====== Dataset extract ======

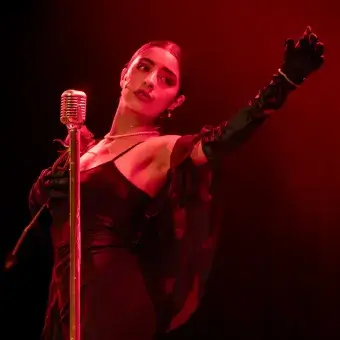Valeria, estudiante del Tec en su monologo como cantante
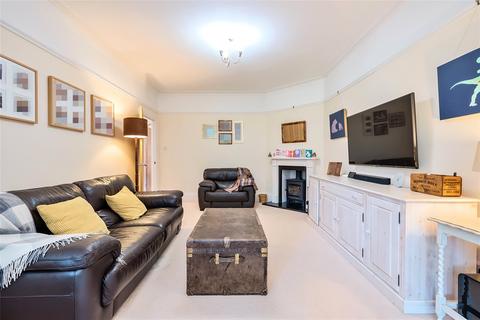 34 Link Lane, Wallington, SM6 9EB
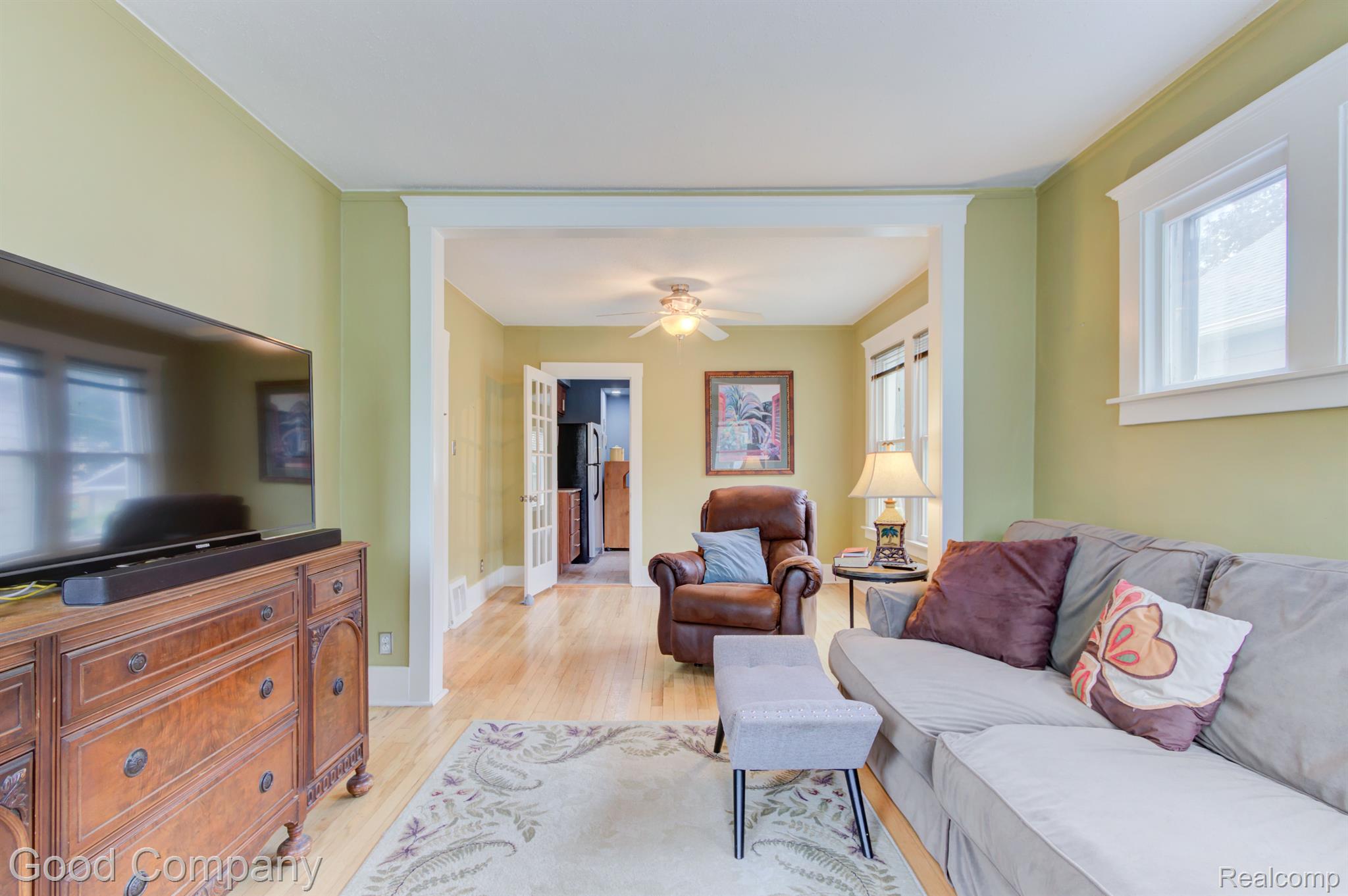 2164 Earlmont Road Berkley, MI 48072 - Photo 3 of 47 Gallery Image 3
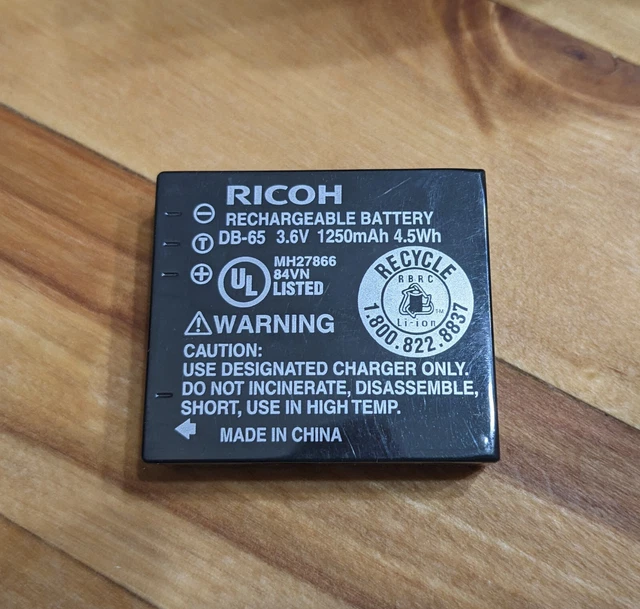 Ricoh GR Digital II 10.1MP Black Compact Camera 10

======

Leave out the pictures and repeat the remaining data exactly.

Valeria, estudiante del Tec en su monologo como cantante
 34 Link Lane, Wallington, SM6 9EB
 2164 Earlmont Road Berkley, MI 48072 - Photo 3 of 47 Gallery Image 3
 Ricoh GR Digital II 10.1MP Black Compact Camera 10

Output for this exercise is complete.